On December 8, the Russian Foreign Ministry said, "On December 7, members of the crew of the Special Correspondent program of the Rossiya 1 TV channel were detained in the Hatay Province in south-eastern Turkey bordering Syria as they were going to the neighbouring Province of Gaziantep," the ministry said. "The detention was carried out by unknown persons wearing civilian clothes who, in reply to the journalists’ legitimate request, refused to introduce themselves or let them see their IDs." The Turkish authorities refused to give explanations to representatives of the Russian Embassy in Turkey who got in touch with the crew shortly after its detention," the Russian Foreign Ministry said.

"We strongly condemn the illegal actions of the Turkish authorities," the ministry said. "Such attitude towards the media is absolutely unacceptable."

The ministry also said it was curious as to what "rules" had been violated by the Russian journalists. "One gets the impression that Ankara is scared that correspondents of the Rossiya 1 TV channel may throw spotlight on facts about the illegal activities carried out in the Turkish-Syrian border area the Turkish government would prefer to keep in the shadow," it said.
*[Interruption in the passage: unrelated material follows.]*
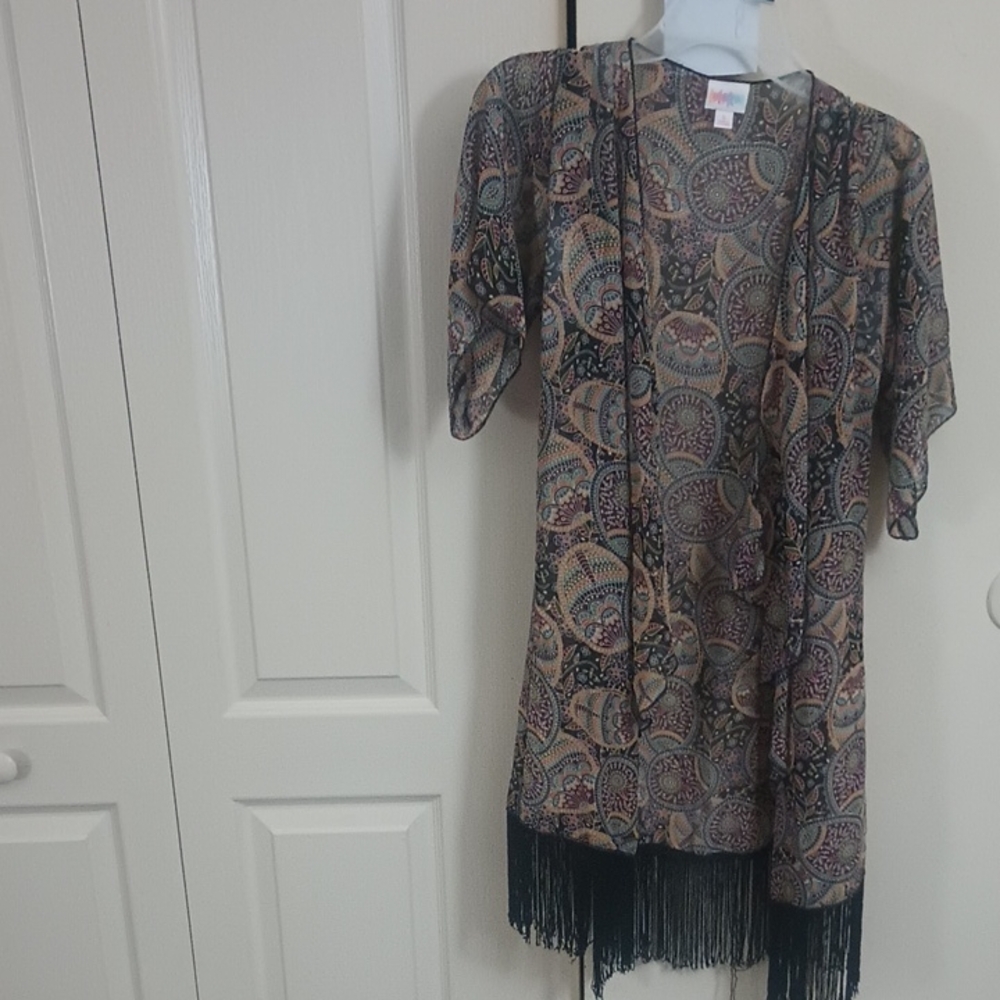 LuLaRoe Multicolor Fringe Cardigan Easter Egg Design Lightweight Spring Summer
The Russian Foreign Ministry noted that the incident was quite telling in the light of a series of violations of the rights of the local and foreign media in Turkey. "The international organizations, including the OSCE, have repeatedly drawn attention of the world public to this. In this regard, the detention of Editor-in-Chief of the Turkish daily newspaper Cumhuriyet Can Dundar and the newspaper’s Ankara bureau chief Erdem Gul in late November over a report about the involvement of the Turkish intelligence agencies in the supplies of weapons to militants in Syria is indicative in this respect. The journalists were charged with ‘espionage, disclosure of state secrets and terrorism.’ They are facing life in prison," the Russian Foreign Ministry said.